Processi e processo al maschio
Due già colpevoli
Le storie parallele del funzionario del British Council e di Gerard Depardieu
Sono tutti e due colpevoli di molestie sessuali e (l'attore francese) di stupro? Magari sì, ma dovranno deciderlo i tribunali. E non il teatro del pre-giudizio culturale, calato nella doxa universale delle questioni di genere
Paul Sellers era probabilmente alticcio alla fine della festicciola tra colleghi del British Council di Roma. Del resto l’avevano visto ballare con una stagista: inappropriato. Così quando il giorno dopo una dipendente dell’ambasciata (l’ente culturale fa capo al Foreign Office) ha riferito delle molestie all’ambasciatrice in persona, è stata presa sul serio. Disse che Sellers l’aveva baciata sulla bocca e l’aveva “palpeggiata in modo abbastanza deliberato” (l’espressione abbastanza demenziale è da imputare alla mail del vice dell’ambasciata, incaricato di rapida indagine da trasmettere a Londra). Plausibile e niente di inedito, fin da quando David Lodge sollevò il coperchio su questo genere di party nel suo Il professore va al congresso.
Roma e Parigi. Ci sarebbe invece un video che mostra Gérard Depardieu mentre pratica sesso con una giovane donna a casa sua. E se c’è il video, caso chiuso. Solo che, per quel che si sa, il video al momento non c’è, mostrerebbe solo l’uomo e la donna che salgono al piano superiore.
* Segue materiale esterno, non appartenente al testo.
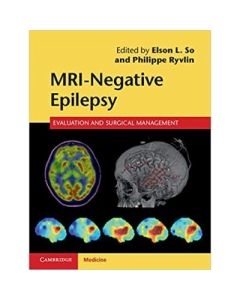 MRI-Negative Epilepsy: Evaluation and Surgical Management - Elson L. So, Philippe Ryvlin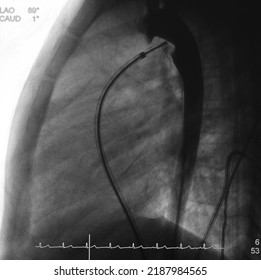 Aortogram Was Performed Descending Aorta During Deployed Device For Patent Ductus Arteriosus (PDA) Closure Procedure.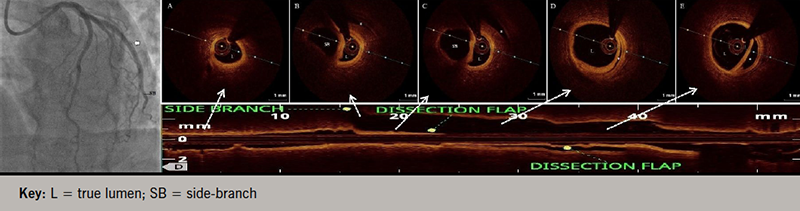 Khanna - Figure 2. Check angiogram in left panel showing suspicion of coronary dissection in left circumflex artery. Right panel shows longitudinal optical coherence tomography (OCT) pullback image (carpet view) and corresponding cross-sectional images at different levels (A–E) showing spiral coronary dissection (marked by asterisk) extending into media sparing the side-branch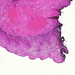 cervix in situ carcinoma viszonylag ép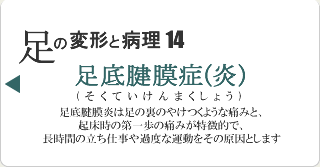 足底腱膜症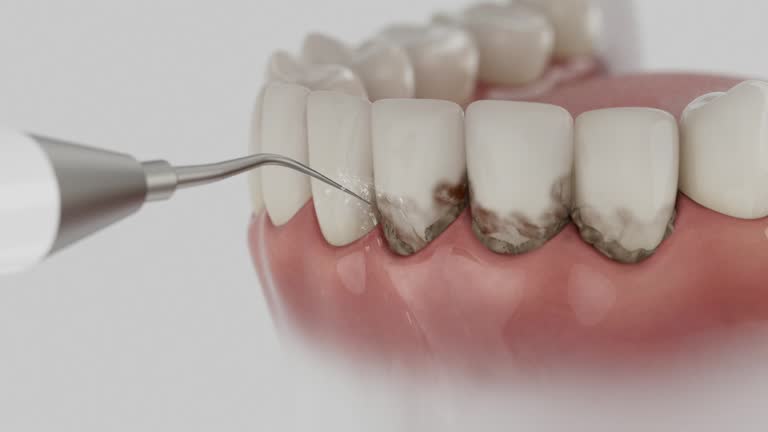 Trusted Dental Implants service in Temple Hills, MD - Dentist Open Now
Non la pistola fumante dei legal drama. E’ la storia del rinvio a giudizio per stupro e violenza sessuale del famoso attore, per la denuncia di una giovane attrice che sarebbe stata abusata una volta a casa sua, e poi sarebbe stata abusata una seconda volta qualche giorno dopo, prima di sporgere denuncia. La cosa che accomuna le due vicende, sesso a parte, è il contesto per così dire extragiudiziario attraverso cui si giudicano. Il cliché del funzionario bevitore da una parte, l’icona dell’attore vitalista e infoiato dall’altra.
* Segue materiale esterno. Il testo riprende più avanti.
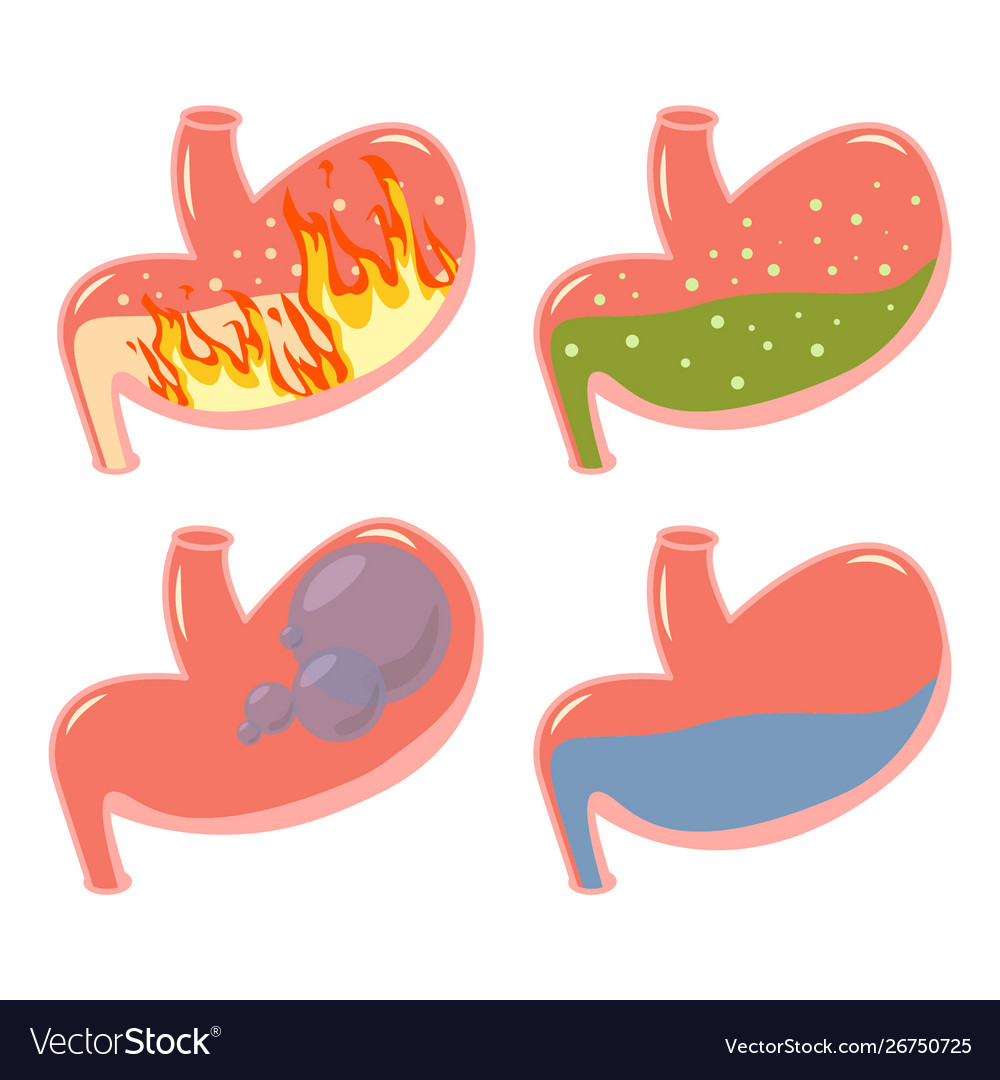 Pyrosis stomach medical set fire disorder Vector Image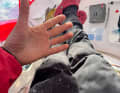 This is what Sam Davies' hands look like after almost 40 days at sea.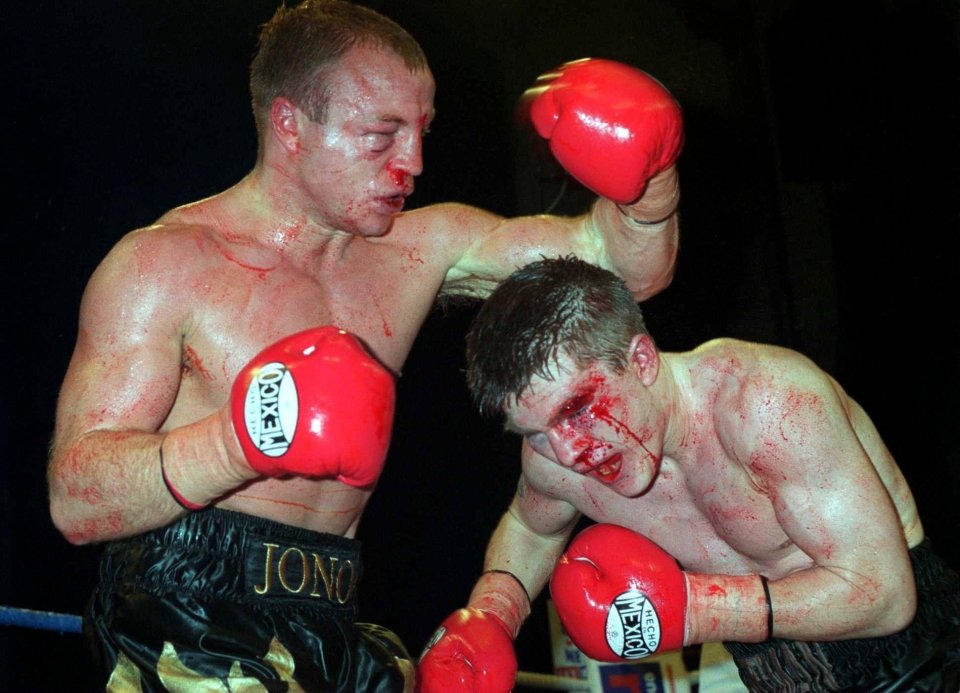 Ricky Hatton suffered this cut against Jon Thaxton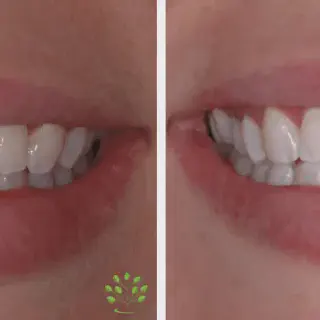 /img/33204-zoom-whitening-results.webp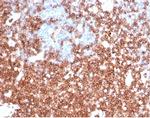 CD43 (T-Cell Marker) Antibody in Immunohistochemistry (Paraffin) (IHC (P))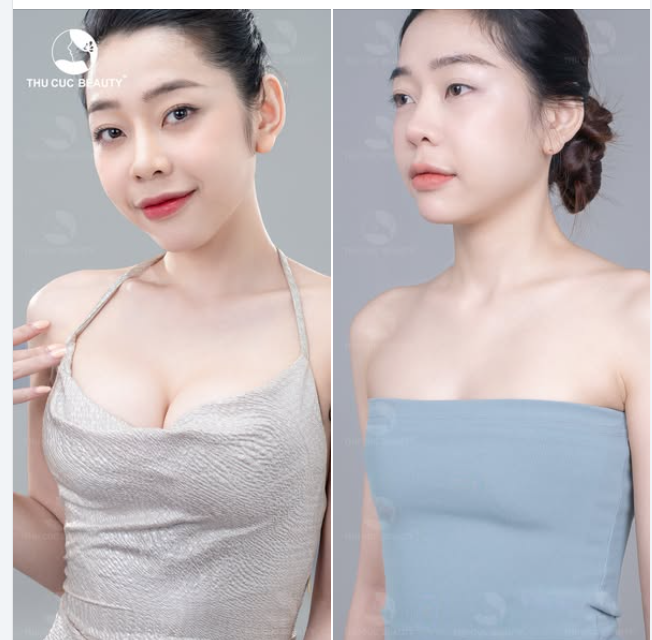 TC Túi ngực cao cấp chính hãng, mềm mại, tự nhiên.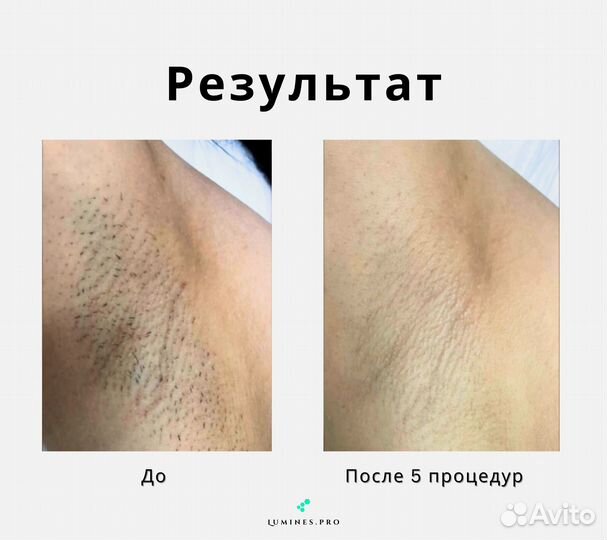 Диодный лазер Lumines MaxOne 1200W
Probabilmente tornare due volte a casa del porco (Depardieu) per subire una seconda violenza è una delle cose che hanno dato da pensare agli inquirenti (qui si lascia spazio tipo “metti il nome” alle critiche che pioveranno da molte donne). La denuncia fu archiviata nel 2019 per mancanza di prove. Ma ora c’è un nuovo rinvio a giudizio.
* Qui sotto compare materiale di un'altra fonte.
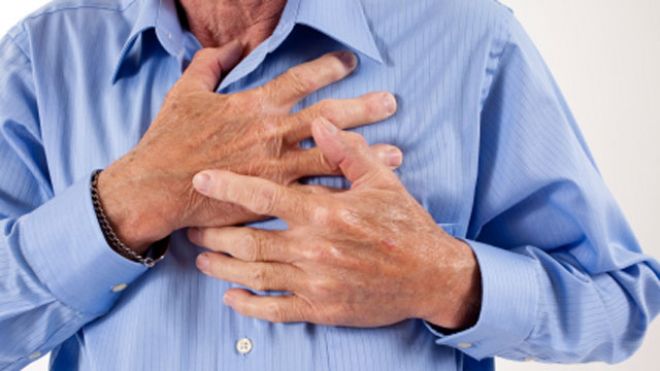 First Aid: What to do when someone is having a heart attack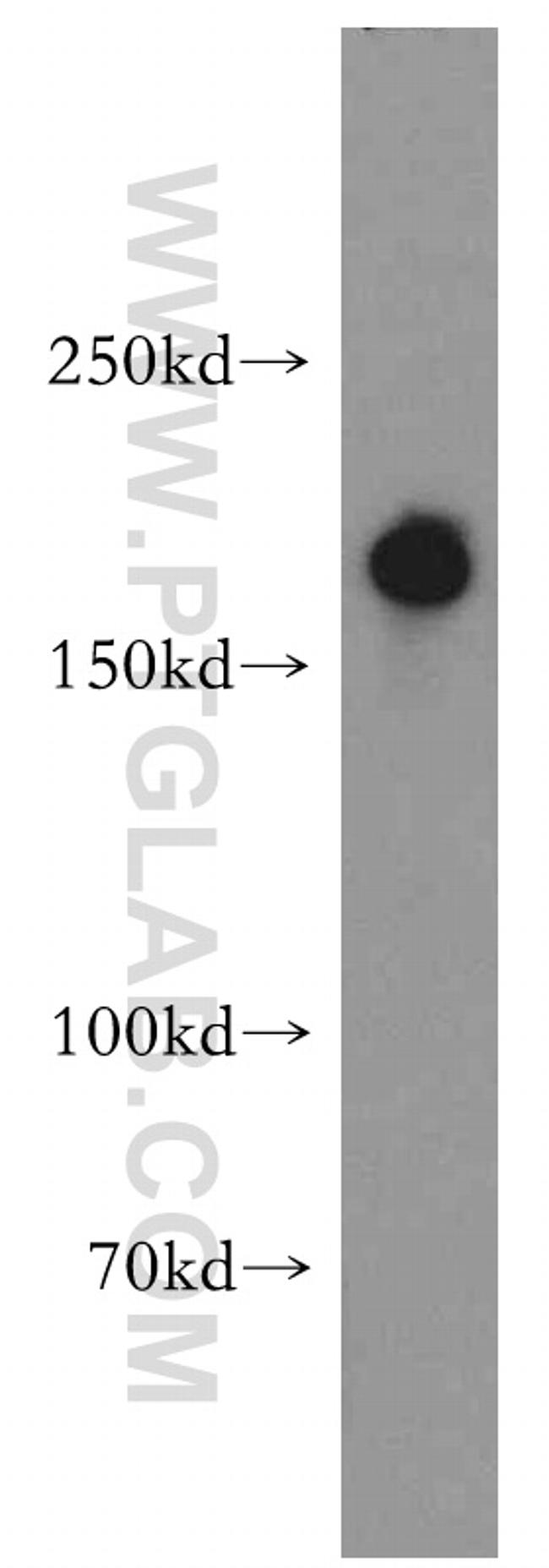 RBM16 Antibody in Western Blot (WB)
Sellers ha fatto causa per diffamazione per quella mail, che sembra prendere per buona unicamente l’accusa. Una condanna senza processo. Mettiamo le mani avanti: Sellers è senza dubbio colpevole (ops, mettere le mani avanti è un evidente lapsus, andrebbe #cancellato: ma non so usare mela + zeta). Però al momento in cui la storia ci viene raccontata dal Corriere, potrebbe persino non esserlo, dal punto di vista di una costruzione processuale classica. Ma Sellers essendo maschio, attratto dal bicchiere e dalle donne e in posizione socialmente dominante è colpevole a prescindere. “Sono uno che si fida della vita, degli altri, non sono un sospettoso”, ha raccontato Depardieu a Repubblica. Non sarà vero e non sarà “innocente” (la sua biografia) ma si addice al personaggio. Ora è l’attore vecchio e famoso contro la giovane alle prime armi. Ce n’è abbastanza per farne il colpevole perfetto, se invece che al tribunale si affida il giudizio al teatro del pre-giudizio culturale, calato nella doxa universale delle questioni di genere. Ma nel mondo come lo abbiamo conosciuto finora, è la parola di una contro quella dell’altro. In uno dei suo film migliori Depardieu interpreta Danton, in un feroce scontro con Robespierre. Danton è il sanguinario populista che la Storia ci ha consegnato. Animalesco. Ma Robespierre, moralista con il freddo nelle vene, fu assassino peggiore di lui. Perché l’Incorruttibile pretendeva di giudicare per la Salute pubblica e la moralità. Inevitabile che fosse Robespierre ad avere la testa di Danton. Sta girando a Parigi il suo primo Maigret. I romanzi di Simenon raccontano spesso la storia dal punto di vista del colpevole. Ma non c’è mai un colpevole che non si porti dietro anche un tratto di innocenza, e non c’è mai una vittima che non nasconda da qualche parte una colpa. Il tribunale etico sfuma nel silenzio, lasciando al giudice quel che è suo.